* [WHAT NEEDS TO BE DONE]: For the entries that follow, restate word for word the line containing "Yato gépi hosszú", the line containing "2020 Chevrolet Equinox", and every line that lies between them.

* [EXCERPTED DATA]:
--*--
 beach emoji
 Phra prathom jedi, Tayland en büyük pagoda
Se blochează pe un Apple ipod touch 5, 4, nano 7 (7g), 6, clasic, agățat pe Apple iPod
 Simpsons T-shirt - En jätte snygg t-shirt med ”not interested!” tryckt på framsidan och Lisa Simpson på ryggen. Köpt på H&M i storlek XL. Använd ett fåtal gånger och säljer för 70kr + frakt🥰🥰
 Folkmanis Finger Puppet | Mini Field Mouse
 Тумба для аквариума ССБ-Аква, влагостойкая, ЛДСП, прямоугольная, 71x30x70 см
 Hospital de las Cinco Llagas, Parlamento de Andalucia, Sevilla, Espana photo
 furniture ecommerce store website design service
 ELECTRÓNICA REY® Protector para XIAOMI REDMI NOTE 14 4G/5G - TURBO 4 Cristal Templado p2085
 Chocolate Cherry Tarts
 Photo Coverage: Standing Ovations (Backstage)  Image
--*--
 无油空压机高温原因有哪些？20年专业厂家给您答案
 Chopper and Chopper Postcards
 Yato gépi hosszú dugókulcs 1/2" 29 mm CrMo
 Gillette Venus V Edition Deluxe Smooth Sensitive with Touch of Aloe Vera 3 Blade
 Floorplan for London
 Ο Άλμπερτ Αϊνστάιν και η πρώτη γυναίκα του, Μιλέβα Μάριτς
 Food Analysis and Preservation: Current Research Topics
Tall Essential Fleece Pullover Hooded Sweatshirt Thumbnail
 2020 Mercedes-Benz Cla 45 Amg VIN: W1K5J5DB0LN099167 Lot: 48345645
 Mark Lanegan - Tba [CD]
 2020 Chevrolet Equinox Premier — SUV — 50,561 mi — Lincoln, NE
--*--
* [YOUR RESPONSE]:
 Yato gépi hosszú dugókulcs 1/2" 29 mm CrMo
 Gillette Venus V Edition Deluxe Smooth Sensitive with Touch of Aloe Vera 3 Blade
 Floorplan for London
 Ο Άλμπερτ Αϊνστάιν και η πρώτη γυναίκα του, Μιλέβα Μάριτς
 Food Analysis and Preservation: Current Research Topics
Tall Essential Fleece Pullover Hooded Sweatshirt Thumbnail
 2020 Mercedes-Benz Cla 45 Amg VIN: W1K5J5DB0LN099167 Lot: 48345645
 Mark Lanegan - Tba [CD]
 2020 Chevrolet Equinox Premier — SUV — 50,561 mi — Lincoln, NE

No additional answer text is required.